This has been a year of stories – a year in which I’ve come to appreciate like never before the extent to which we lead our lives by, with and through stories. They provide the glue that holds us together, the framework that keeps us standing up, the energy that keeps us moving forward, and the mirror in which we can see ourselves reflected.
In the business world, stories and storytelling have been the current, though much misunderstood, buzz for a year or two now. Each month sees the appearance of some new title on the management or marketing shelves, explaining how the organisations that tell the best stories are the ones that will conquer all. As I’m writing this, a Christmas newsletter comes in from Australian storytelling agency Anecdote, declaring that 2013 is the year that storytelling in business has gone mainstream.
The principle is sound.

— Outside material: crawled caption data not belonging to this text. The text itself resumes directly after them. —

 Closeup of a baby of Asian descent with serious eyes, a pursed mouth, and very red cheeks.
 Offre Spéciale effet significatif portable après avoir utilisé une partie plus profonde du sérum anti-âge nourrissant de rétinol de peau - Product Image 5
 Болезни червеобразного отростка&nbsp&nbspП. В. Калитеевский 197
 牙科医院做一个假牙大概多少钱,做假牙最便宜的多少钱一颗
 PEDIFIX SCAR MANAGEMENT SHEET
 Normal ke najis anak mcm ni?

One of the paradoxes of our age is that we are both more connected and more disconnected than we have ever been. In the tsunami of virtual relationships to which we’re all exposed, it becomes more and more difficult to find our personal bearings. The commercial brands that tell the stories we relate to – the Apples and Innocents and Howies, for example – offer us convenient touchstones, whether we buy their goods or work for them. They are high priests of the new era and they help us define ourselves.
For all that, there are many more who have yet to grasp that story is more than just a cool label one can attach to a tired press release, a dull case study, a limp product launch or a lacklustre marketing campaign in the hope that it will suddenly spring to life and work miracles. My fellow writer Tim Rich recently wrote an excellent blog about what a story is and what it isn’t. You can read it here.
The story of the organisation or brand is one thing. The stories of the individuals within it are another, although of course not unrelated. My interest leans increasingly towards the latter. What stories do the people who run businesses tell about themselves, or allow to be told about them, that have an authentic ring and encourage others to trust them, to follow them, to be persuaded by them?
What stories are people telling in the workplace or the canteen, that their leaders should be listening to in order to understand their businesses better? And what are the stories about themselves and their work that these colleagues are telling one another? Each time I sit in a room with a group of people sharing simple anecdotes from their own lives, I’m amazed at the power stories have to connect us on the most basic human level. They join us at the core. (And they bring together teams like nothing else.)
I’ve had the opportunity to explore all these aspects of story this year. Running workshops for businesses and cultural organisations, I’ve witnessed the way stories can help people reconnect with the purpose, the soul of their organisation. Writing stories for clients I’ve found myself thinking harder than ever about what constitutes truth and authenticity in the business world.
On Dark Angels courses we’ve looked at how telling stories forces one to use a more energetic and imaginative form of language. And as one of the 15 co-authors of the Dark Angels collective novel, now titled Keeping Mum and scheduled for publication in April, I’ve experienced the challenges and pleasures of collaboratively creating a story as a work of fiction.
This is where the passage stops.